Gov. Charlie Baker gives the keynote speech at the 2018 Margaret C. Carlson Realtor Day on Beacon Hill.

There will be no pied-a-terre in Boston for Gov. Charlie Baker. No Western Massachusetts hideout, either.

The governor, who lives with his wife in their turn-of-the-20th century Swampscott home, has no plans to invest his new $65,000 housing stipend in a property or rent closer to the office, according to his staff.

The housing allowance is a first for a Massachusetts governor after the Legislature, in its first act of the two-year session in 2017, voted through a package of pay raises for public officials, including the governor, that included a stipend for housing.

The law states that a governor “shall receive $65,000 annually for expenses related to housing,” and the allowance was intended by lawmakers to make the office of governor a more attractive position and to eliminate any barriers to running, such as finances or geography.

For Baker, it will simply be added to his salary.

Baker rejected the housing allowance and a raise in 2017 and 2018 after his veto of the bill sent to him by House and Senate Democrats was overridden. The governor, however, said during his re-election campaign that he would accept the full pay package to start his second term, which included a bump in pay from $151,800 to $185,000.

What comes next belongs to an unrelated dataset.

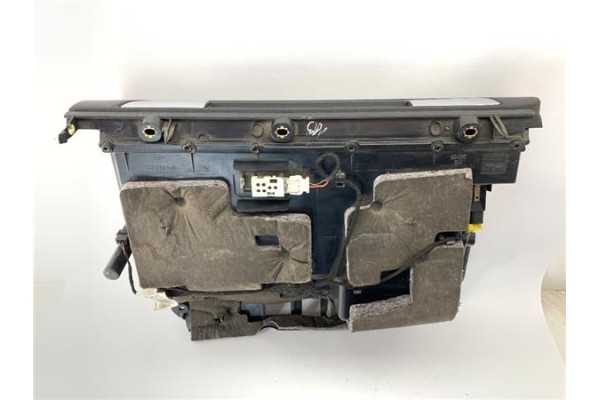 Recambio de guantera salpicadero para audi a3 sportback (8pa) 2.0 tdi ambiente referencia OEM IAM 8P1857035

“That’s what it is – if the voters are kind enough to give me a second term, I’ll just take it because that’s what it is,” Baker said during the final gubernatorial debate.

The Special Advisory Commission Regarding the Compensation of Public Officials in 2014 concluded that the governor “deserves and requires adequate housing” to perform his or her officials duties. That report became the foundation of the bill that House and Senate Democrats wrote to start the session in 2017.

In addition to the high cost of living in Boston, the commission noted that the governor lacks a property like the Parkman House, adjacent to the State House, that the mayor of Boston can use to entertain or conduct public business and ceremonial functions. Massachusetts and Idaho are the only states that do not offer their governors an official residence.